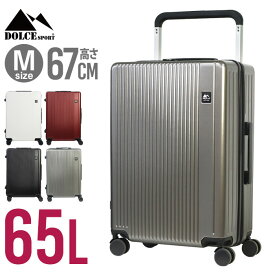 スーツケース Mサイズ 65L ポリカーボネート TSAロック キャリーケース キャリーバッグ トラベル 旅行バッグ 海外(代引不可)【送料無料】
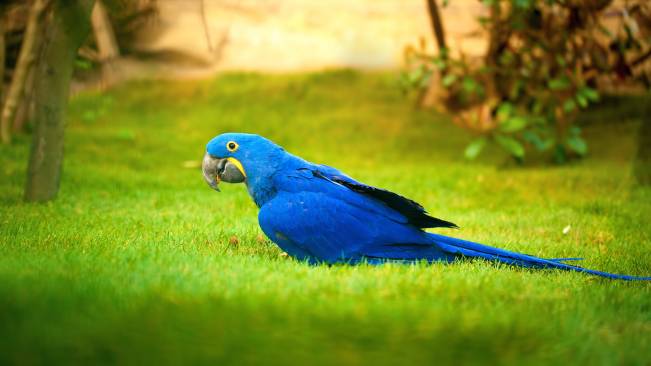 Arara Azul
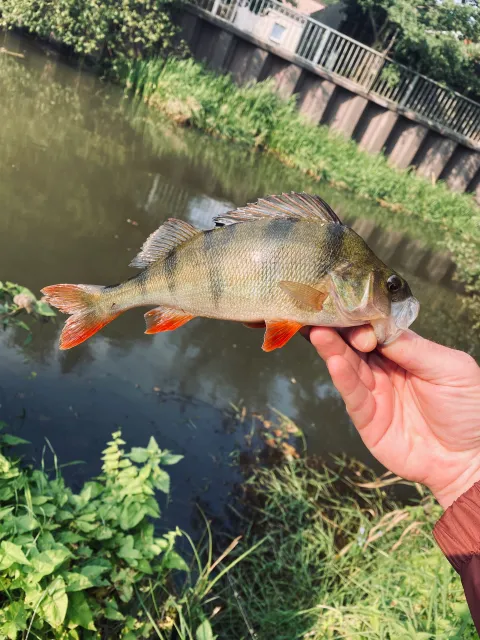 Flussbarsch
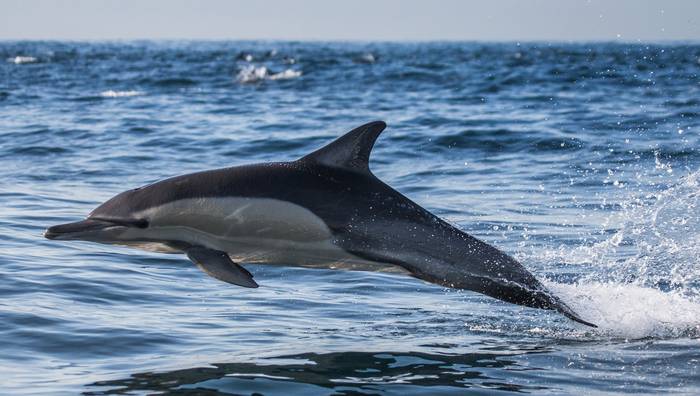 Дельфин-белобочка (Delphinus delphis), фото фотография морские млекопитающие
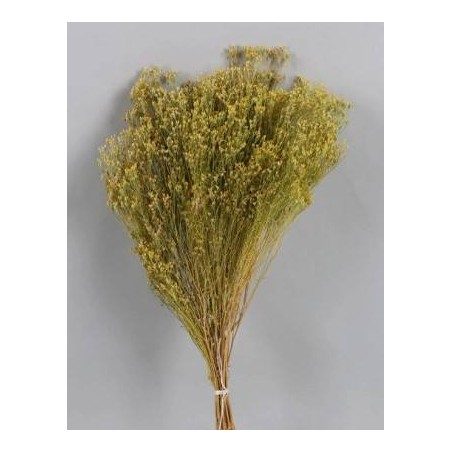 BROOM NATURALE BUSTA 100gr
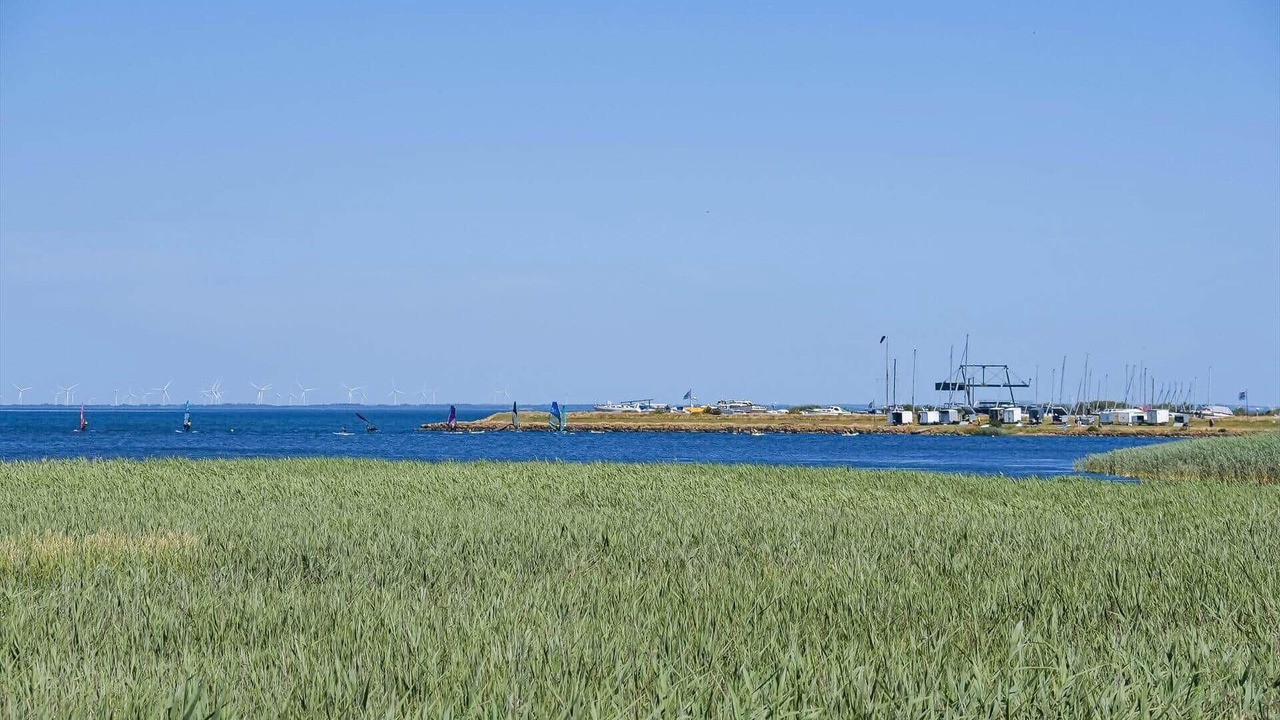 Photo of Others in Bork Havn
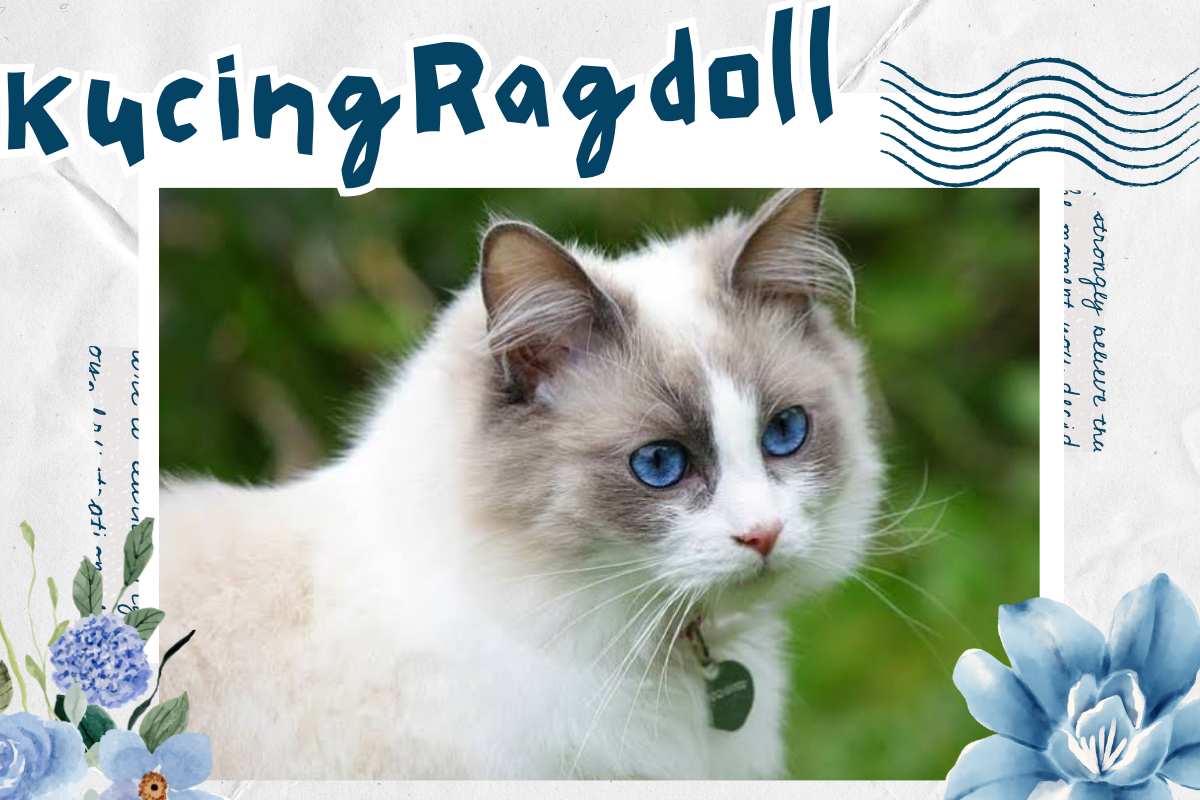 Pesona Kucing Ragdoll, Anabul Cantik dan Cerdas yang Dibanderol dengan Harga Fantastis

----------------------------------------

Requirement> Exact copies of the entries above are needed, without their pictures.

Final answer>
 スーツケース Mサイズ 65L ポリカーボネート TSAロック キャリーケース キャリーバッグ トラベル 旅行バッグ 海外(代引不可)【送料無料】
 Arara Azul
 Flussbarsch
 Дельфин-белобочка (Delphinus delphis), фото фотография морские млекопитающие
 BROOM NATURALE BUSTA 100gr
 Photo of Others in Bork Havn
 Pesona Kucing Ragdoll, Anabul Cantik dan Cerdas yang Dibanderol dengan Harga Fantastis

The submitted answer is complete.